◆ Extracted entries

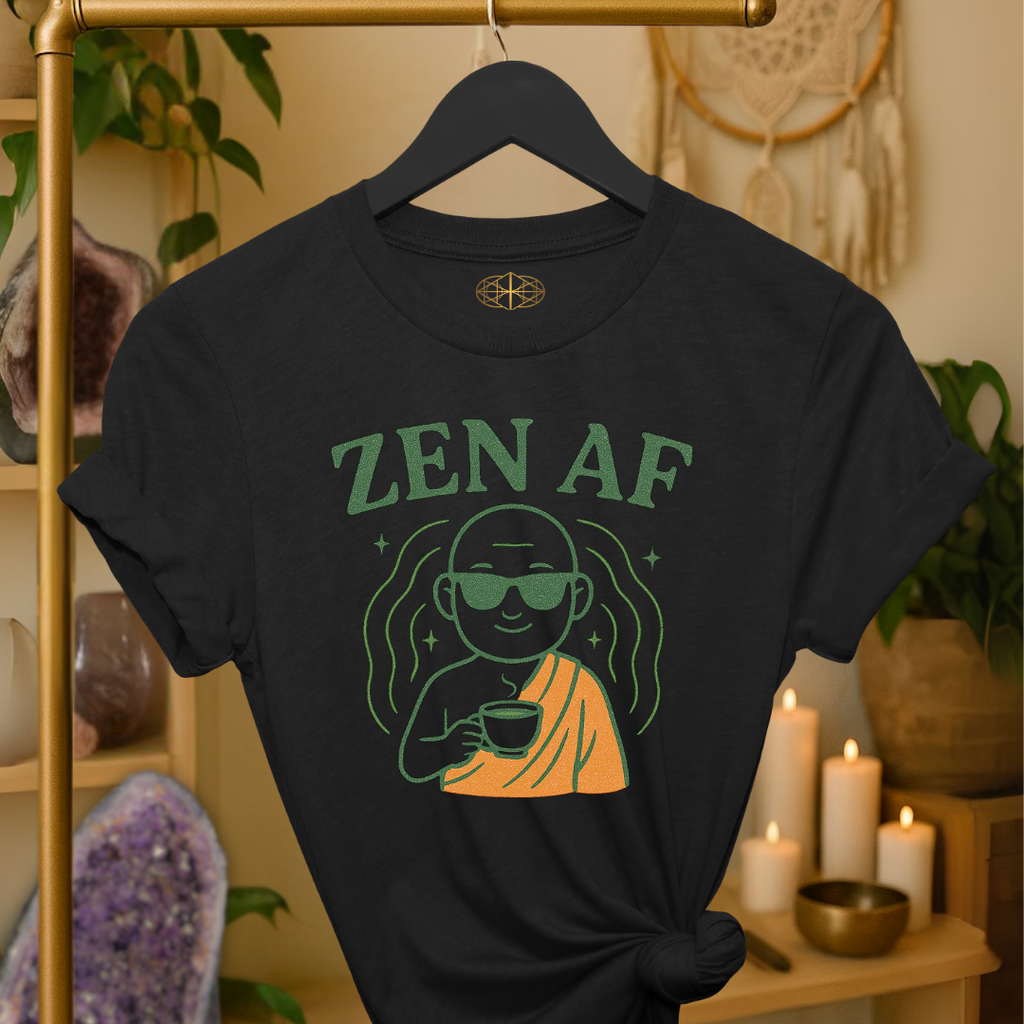 Zen AF | Coded for Peace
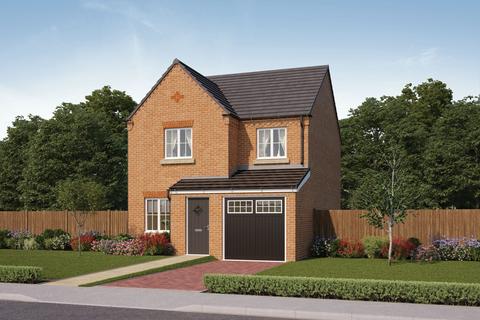 3 bedroom detached house for sale, Plot 53, The Baxter at Parsons Croft, Great Gutter Lane West HU10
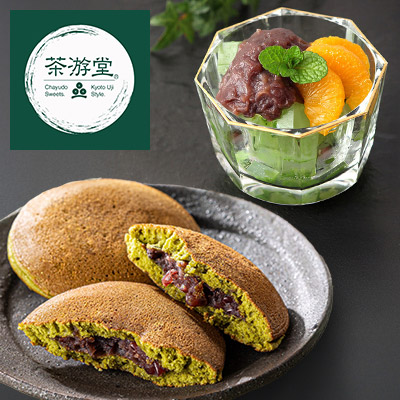 宇治抹茶スイーツの誕生の歴史は「茶游堂（ちゃゆうどう）」にあり
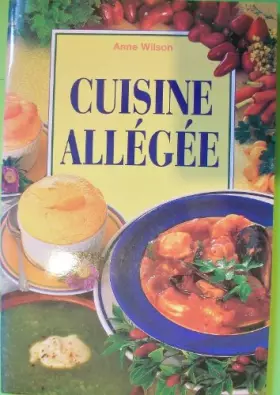 Couverture du produit · Cuisine allégée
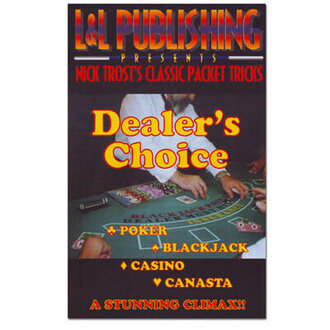 Dealers Choice - Nick Trost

◆ Problem
Pictures in the records should not appear in your copy, but everything else must be transcribed exactly.

◆ Expected output
 Zen AF | Coded for Peace
 3 bedroom detached house for sale, Plot 53, The Baxter at Parsons Croft, Great Gutter Lane West HU10
 宇治抹茶スイーツの誕生の歴史は「茶游堂（ちゃゆうどう）」にあり
 Couverture du produit · Cuisine allégée
 Dealers Choice - Nick Trost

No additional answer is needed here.